__Material supplied__.
+++++

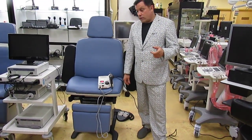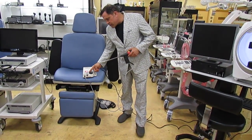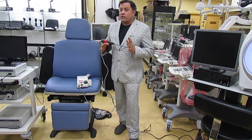Rob here with the Doctor's Toy Store. Today I have the IRC 2100 made by Redfield. IRC stands for Infrared Coagulator — it uses light to perform its function.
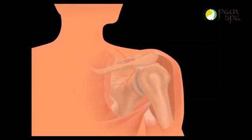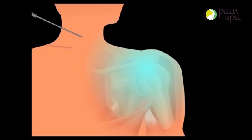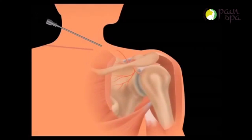Dr. Krishna is highly experienced in performing nerve ablation treatments. The procedure is done under local anesthetic. Dr. Krishna will initially numb the skin and deeper tissues with a numbing medicine.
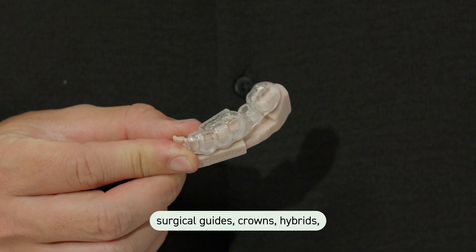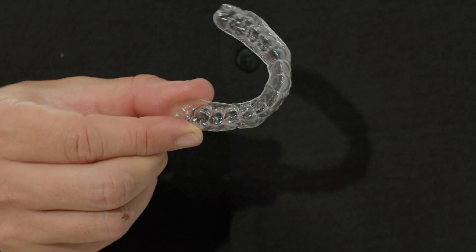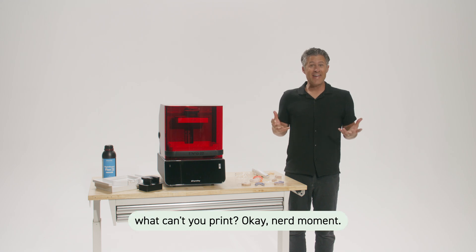Models, night guards, surgical guides, crowns, hybrids, dentures, retainers. The better question is, what can't you print?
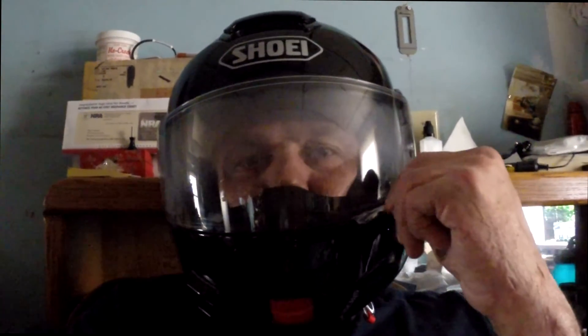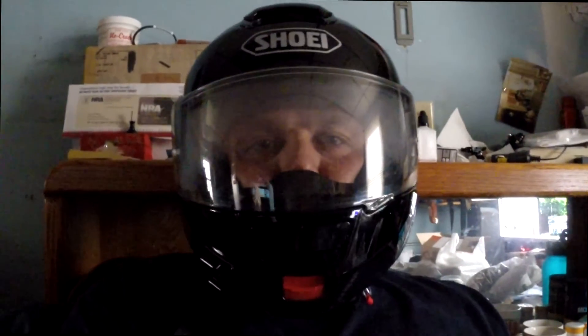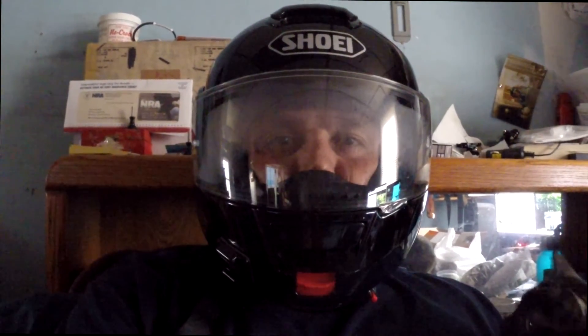This is the regular voice mode — you can probably tell the difference in the sound quality. Now I'm going to switch it back to UHD mode and you'll be able to tell the difference in the sound quality inside the helmet when I'm talking. This is now UHD voice mode.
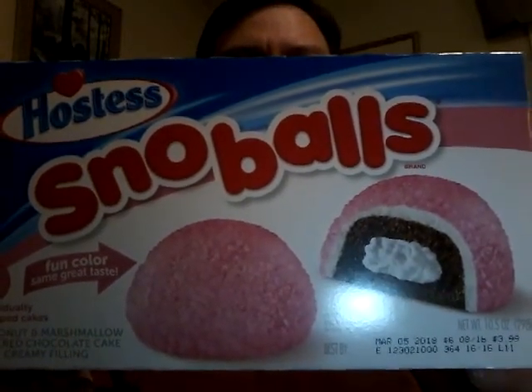Once again, Hostess Snowballs in the pink version. Now let's open it up. I didn't want to just tear it open, and as promised, an individually wrapped Hostess Snowball. Let me get this situated right there.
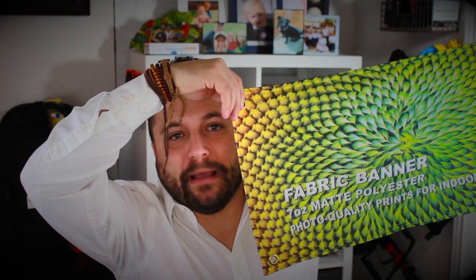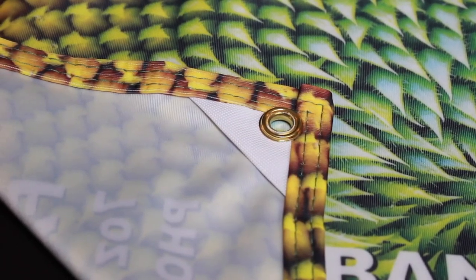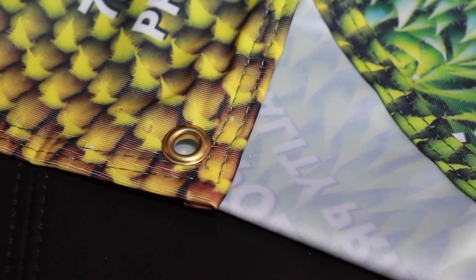It's got grommets on the corners so it's going to be easier to hang, and they're actually reinforced, so when you go to hang this anywhere, it's going to last a really long time. Even the edges are hemmed and they match the thread to kind of match the imprint color.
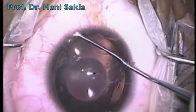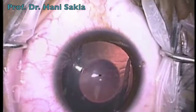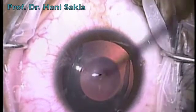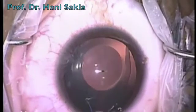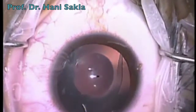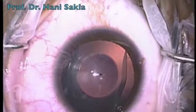Then through the main incision, we place the optic on top of the ICL and the proximal haptics of the ICL behind the iris. We rotate the lens to align the axis of the toric ICL in the direction and axis we want it placed in, to correct the astigmatism.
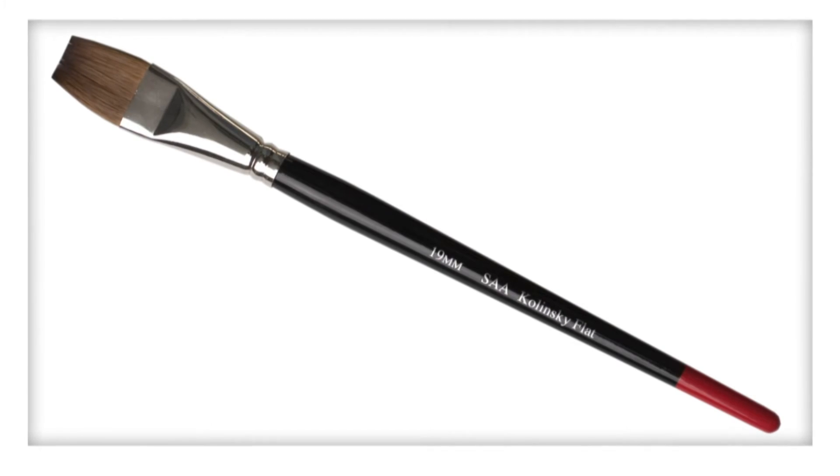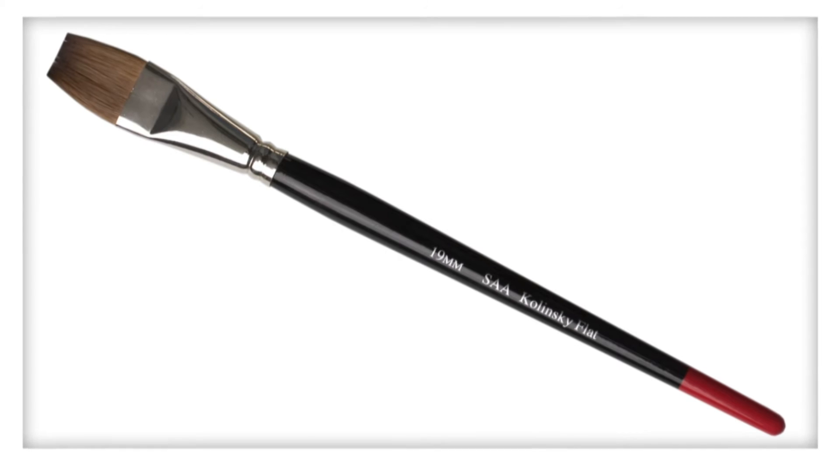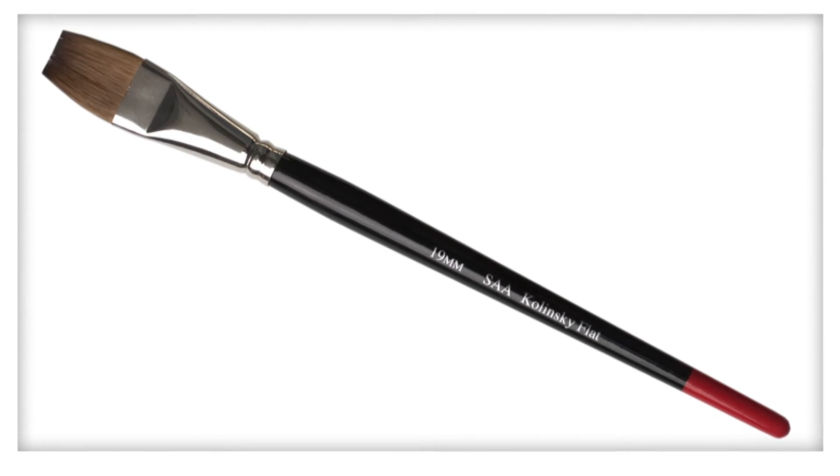The 3/4 inch flat is a very useful flat brush for medium washes and excellent for lifting out.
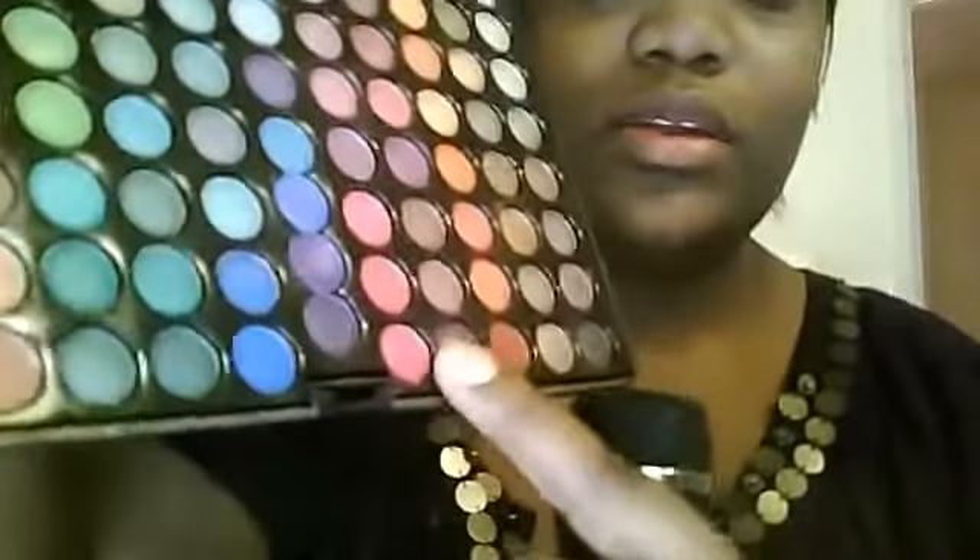Without a shadow of a doubt I could just look and be like, I want to use that. Let's use this purple right here — it's all the way at the bottom, next to the pink, in between the pink and the red. I'm going to use that.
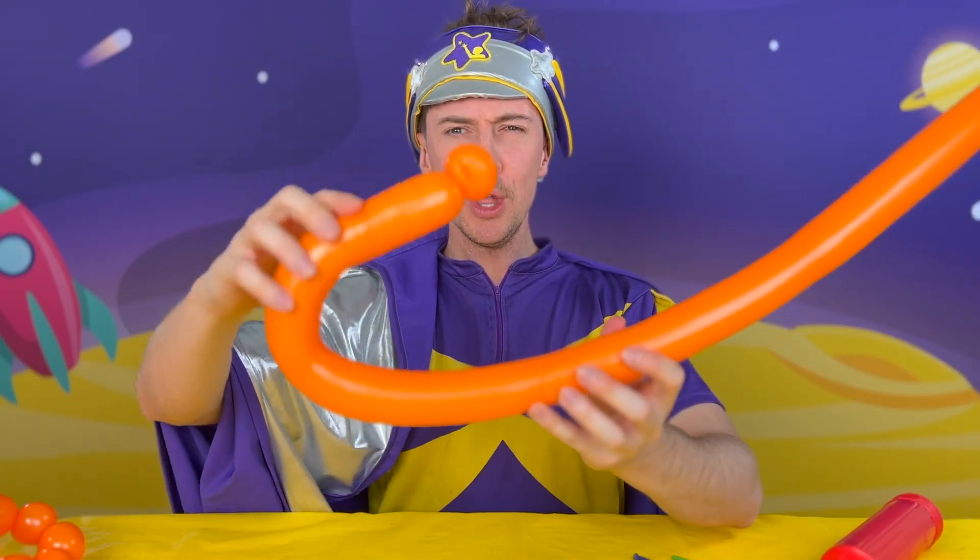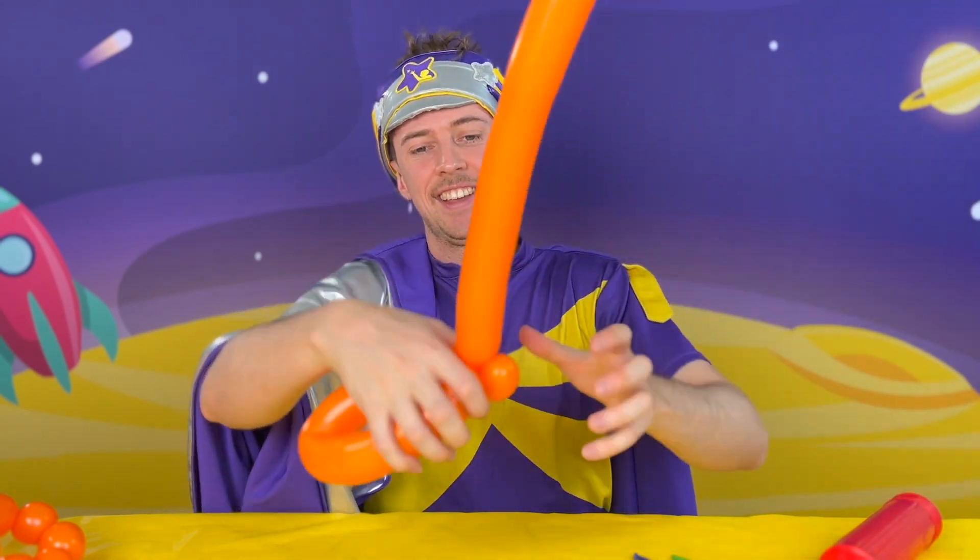Magic! Fold the balloon a little bit over and then you're going to fold into this part here, so that we have the beginnings of our handle.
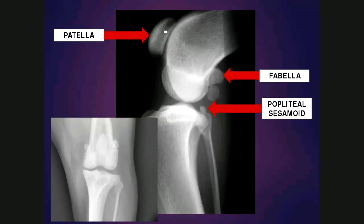Within the stifle, the patella is situated cranially. The two fabellae as well as the popliteal sesamoid are located caudally. The popliteal sesamoid is the smallest one and is often difficult to see on the craniocaudal view. The two fabellae can be different sizes to each other and at slightly different levels, and this can still be normal.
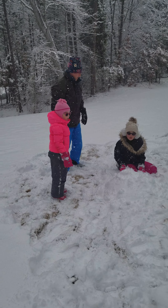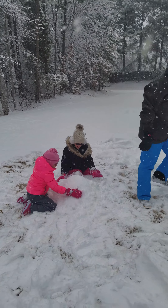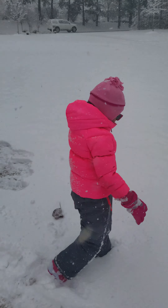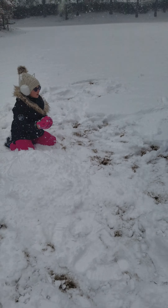January 2018 big snow. Hey Piper, hi! I'm making my own snowman. Hi Phoenix!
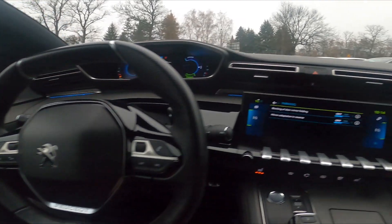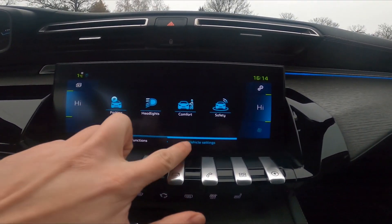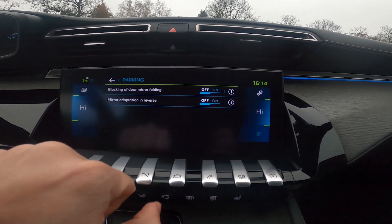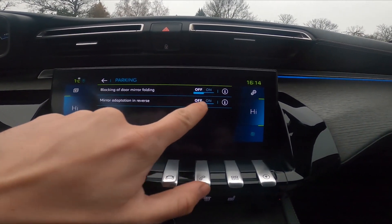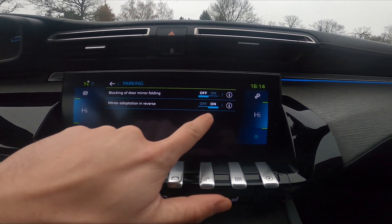In the beginning, let's take a look at the screen display. Press the car button, go to vehicle settings and parking. Now press the on or off button next to mirror adaptation in reverse.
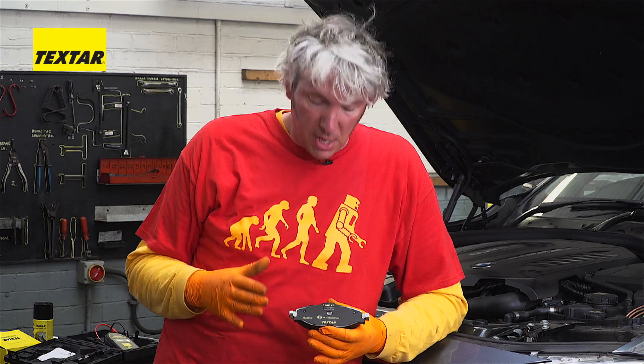What makes this so special is the way it actually does the damping of the sound. All brakes vibrate and therefore make some kind of noise, and the trick is to try and change that noise so we can't hear it.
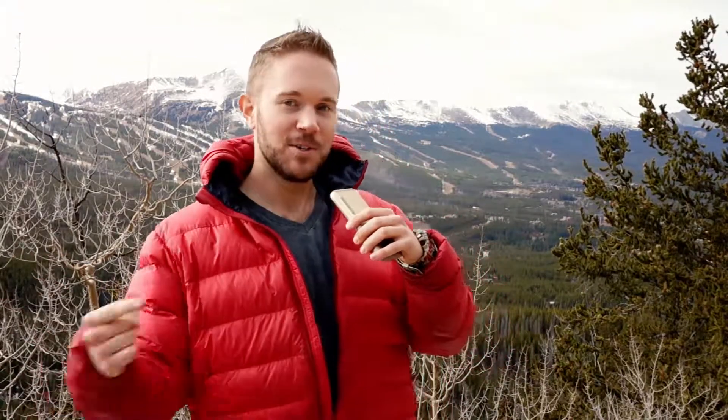Welcome to RV Nomad Life again. This is your host, Witness Me. Today I'm going to talk about electricity and power, getting it from your battery system to your stuff.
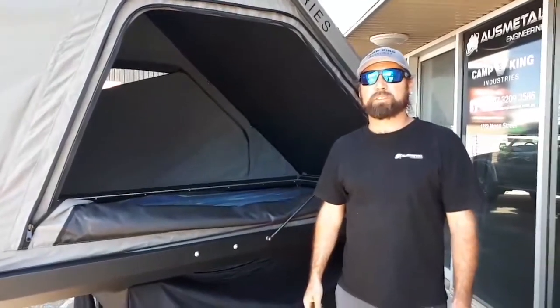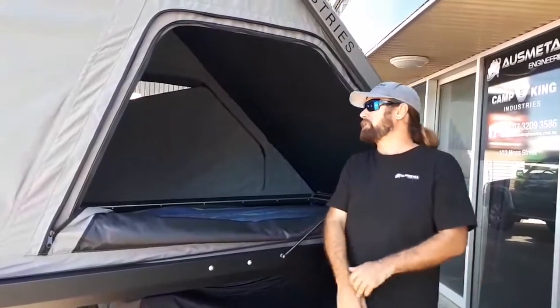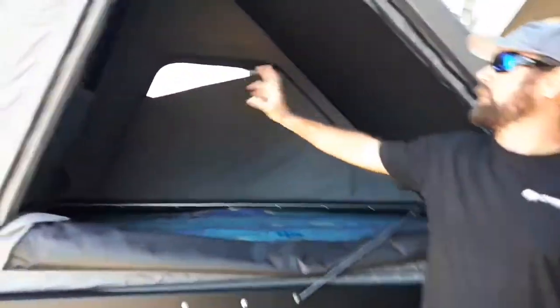Hey guys, Lucas here from Camping Industries. Just wanted to give you a quick rundown on our rooftop tent. Made a couple of changes, the main one being the front door.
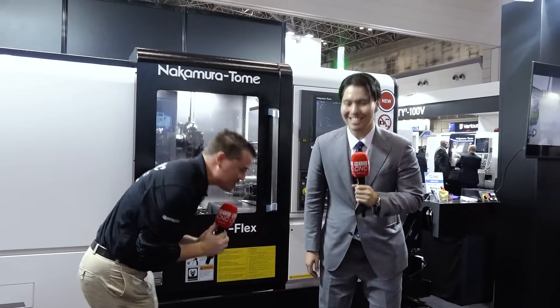Well my friends, I made it to Jimtoff and I've made it to the Nakamura Tome booth. This guy has the best smile in the business, is so well known all over social media — Mr. Shogo Nakamura-san, one of my best personal friends as well.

+++++

__The task__. Using the data above, return the lines from the one holding "January 2018 big" through the one holding "Hey guys, Lucas" exactly, but not the pictures.

__Task solution__.
January 2018 big snow. Hey Piper, hi! I'm making my own snowman. Hi Phoenix!
In the beginning, let's take a look at the screen display. Press the car button, go to vehicle settings and parking. Now press the on or off button next to mirror adaptation in reverse.
What makes this so special is the way it actually does the damping of the sound. All brakes vibrate and therefore make some kind of noise, and the trick is to try and change that noise so we can't hear it.
Welcome to RV Nomad Life again. This is your host, Witness Me. Today I'm going to talk about electricity and power, getting it from your battery system to your stuff.
Hey guys, Lucas here from Camping Industries. Just wanted to give you a quick rundown on our rooftop tent. Made a couple of changes, the main one being the front door.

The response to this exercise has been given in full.